> The task
Please keep the images out and set down the data exactly as given.

Top of Data block

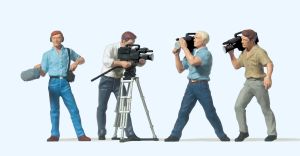 Fernsehteam - Preiser 65340 Spur 0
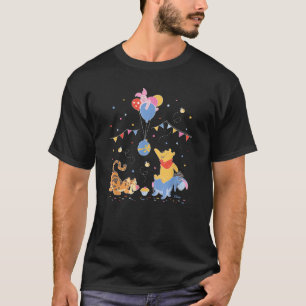 Winnie The Pooh Pooh And Friends Birthday Party T-Shirt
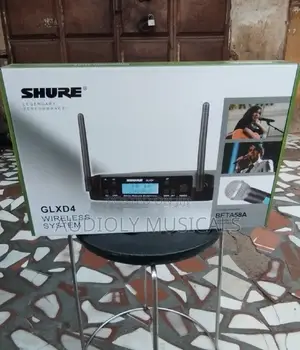 Shure GLX D4 Dual Wireless Microphone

Bottom of Data block

> Task result
 Fernsehteam - Preiser 65340 Spur 0
 Winnie The Pooh Pooh And Friends Birthday Party T-Shirt
 Shure GLX D4 Dual Wireless Microphone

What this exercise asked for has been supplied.